To better understand spatial phenomena, these aspects need to be taken seriously. More realistic, generative models for spatial typology based on more comprehensive and detailed datasets are needed. The present project aims to improve the current state of research by building Bayesian generative models for spatial phenomena — both for identification and as typological control instruments — while using more realistic assumptions and higher-quality spatial data. We will develop models both to control spatially induced confounding factors and to investigate spatial effects themselves.
Better data:
- More realistic distances between languages: Most work in spatial typology assumes that the distance between language communities is either Euclidean or geodetic. However, both approaches ignore social and geographical factors such as mountain ranges, rivers, or trade routes. A central goal of the project is therefore to develop and calculate more accurate distance measures for spatial separations.
- More realistic representations of language areas: While many studies in spatial typology represent languages as points in space, this is a strong simplification. The project aims to create more realistic polygonal representations of language areas.
Better models:
Within the project, we will develop Bayesian models that consider the following aspects:
- Barriers and pathways: Contact between language communities is impeded by both natural (e.g., mountains, fast-flowing rivers, oceans) and socio-political barriers (e.g., borders, religions). At the same time, contact is facilitated by pathways (e.g., roads, trade routes, slowly flowing rivers). The project leadership will develop Bayesian models of language contact diffusion that take both barriers and pathways into account.
- Asymmetric language contact: Language contact is often not symmetrical. Larger languages often exert a stronger influence on smaller languages than vice versa. Lingua francas and imperial languages may have a much larger reach than languages of marginalized communities. Marvin Martiny will develop Bayesian models for asymmetric language contact.
- Models with polygon data: Since different languages are spoken over areas of varying size, they can influence more or fewer neighbors. I-Ying Lin will develop Bayesian models of language contact that incorporate polygonal representations of language areas.
Publications
M. Guzmán Naranjo and G. Jäger, “Euclide, the crow, the wolf and the pedestrian: distance metrics for linguistic typology [version 2; peer review: 1 approved, 2 approved with reservations]” Open Research Europe, vol. 3, p. 104, 2024, doi: 10.12688/openreseurope.16141.2.

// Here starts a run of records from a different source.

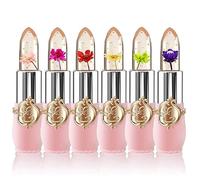 6 Packs Flower Jelly Lipstick Set Magic Temperature Color Change Lip Balm Long Lasting Moisturizer Lip Gloss Flower Jelly Lipstick Makeup Set (6PCS Set A)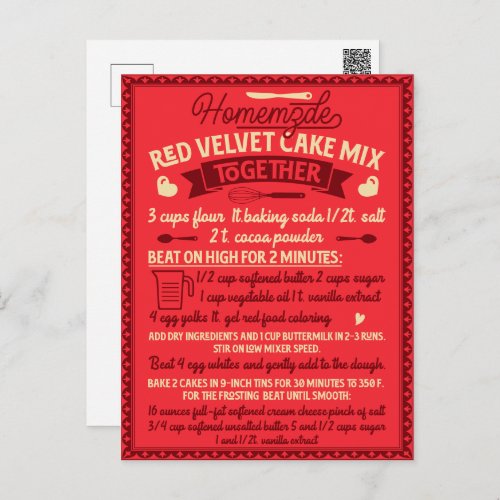 Valentines Day Homemade Red Velvet Cake Recipe Postcard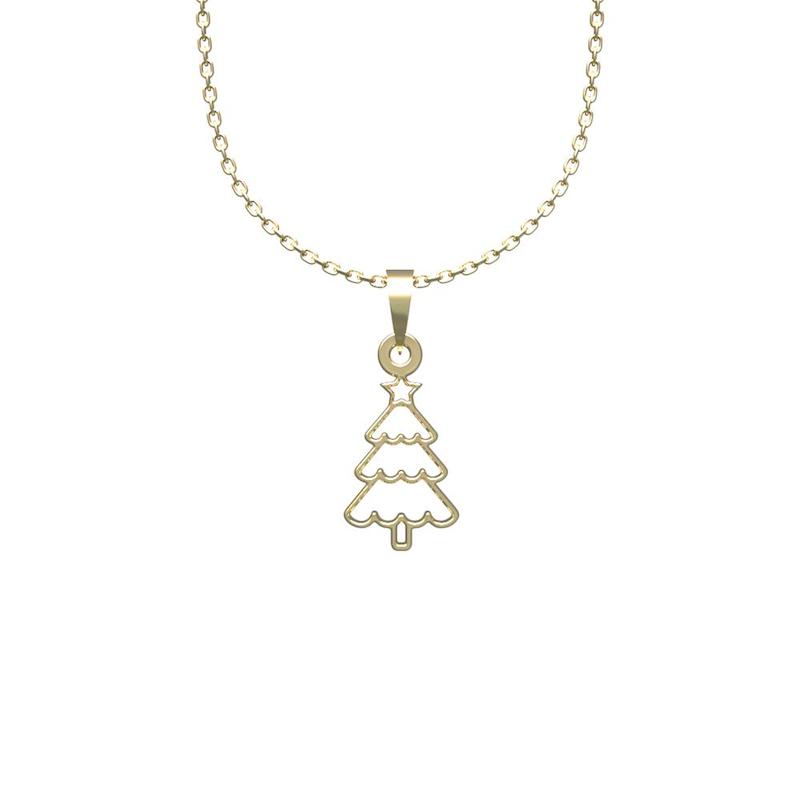 گردنبند طلا مدل درخت کریسمس کد HH1050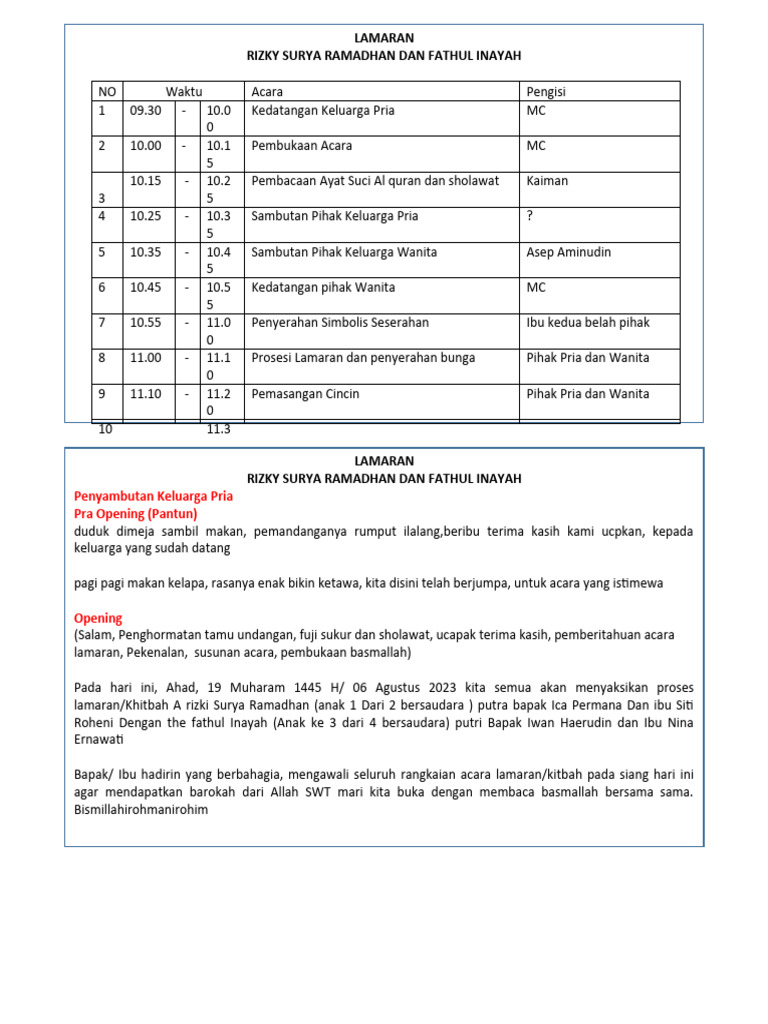 Rundown Acara Lamaran Rizky dan Fathul | PDF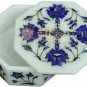 4"x4"x2" Marble White Jewelry Box Lapis Inlaid Marqutery Floral Christmas Gift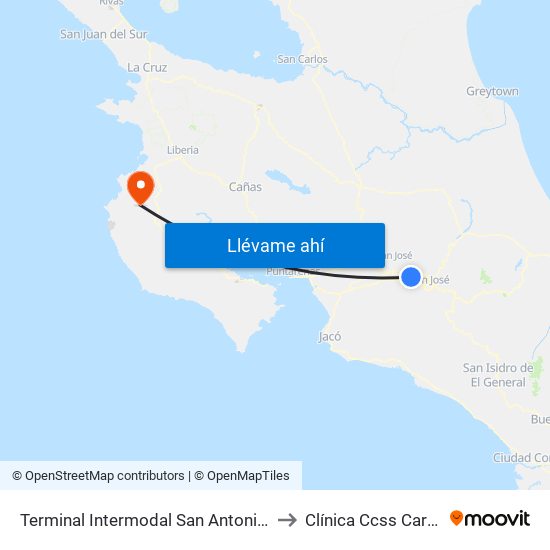 Terminal Intermodal San Antonio De Belén to Clínica Ccss Cartagena map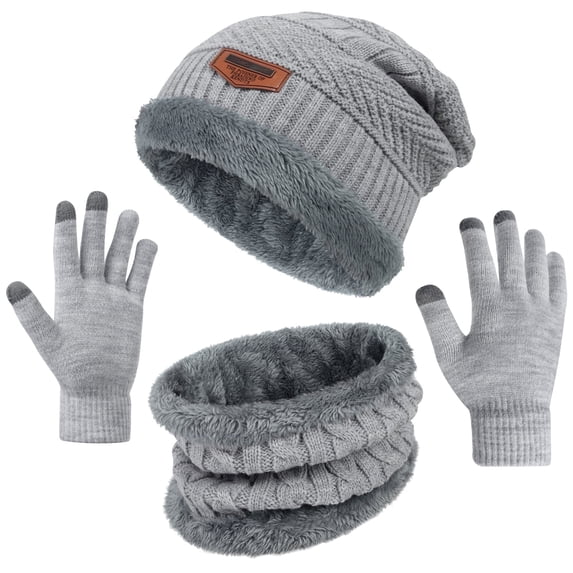 Loritta 3 Pack Womens Winter Hats and Casual Scarf Set Soft Winter Gloves Beanie Hats for Women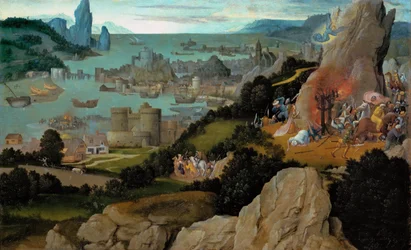 Rané nizozemské umění: Umučení svaté Kateřiny par Patinier, Joachim (asi 1480-1524), před rokem 1515. Olej na dřevě, 27,8x44,8. Uměleckohistorické muzeum, Vienne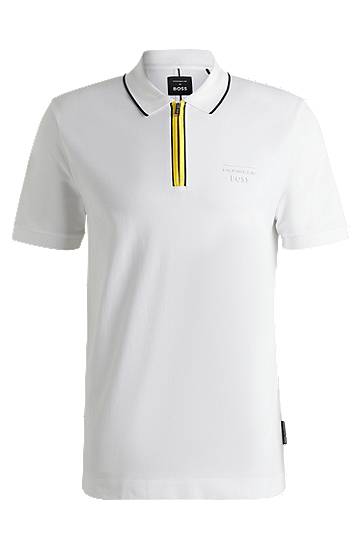 Polo tričko BOSS Porsche x BOSS Stretch-Cotton Polo Shirt Biela | 50531463, 0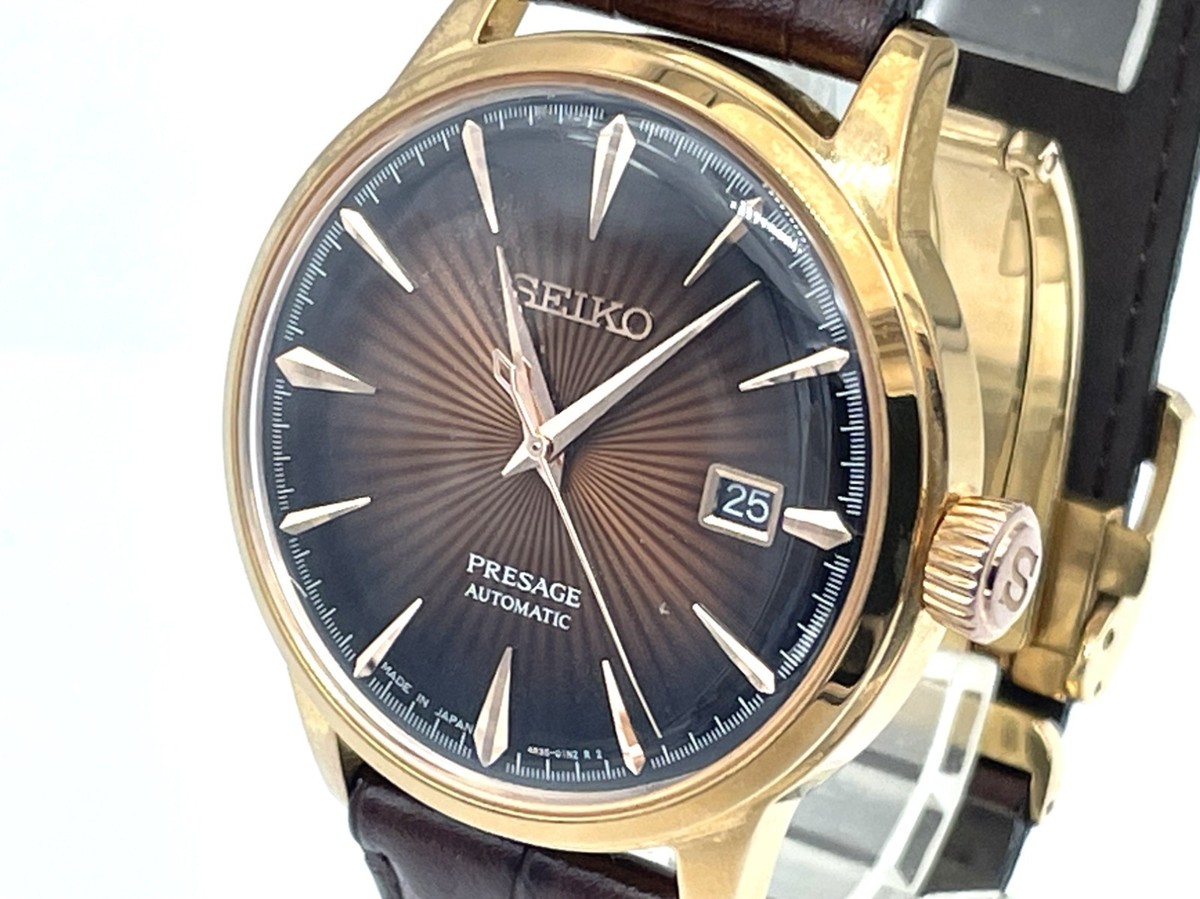 SEIKO PRESAGE Cocktail Time Automatic Watch Gold case Brown Dial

M. Guzmán Naranjo and M. Mertner, “Estimating areal effects in typology: A case study of African phoneme inventories” Linguistic Typology, vol. 27, no. 2, pp. 455–480, 2023, doi: 10.1515/lingty-2022-0037.
Conference Contributions
M. Guzmán Naranjo and G. Jäger, “Euclide, the crow, the wolf and the pedestrian” 14th Conference of the Association for Linguistic Typology, University of Texas, Austin, 15–17 Dec. 2022.
M. Martiny, “Grammaticalization in Western Amazonia: A study on areal effects” Amazonicas IX, Universidad de los Andes, Bogotá, 5–9 June 2023.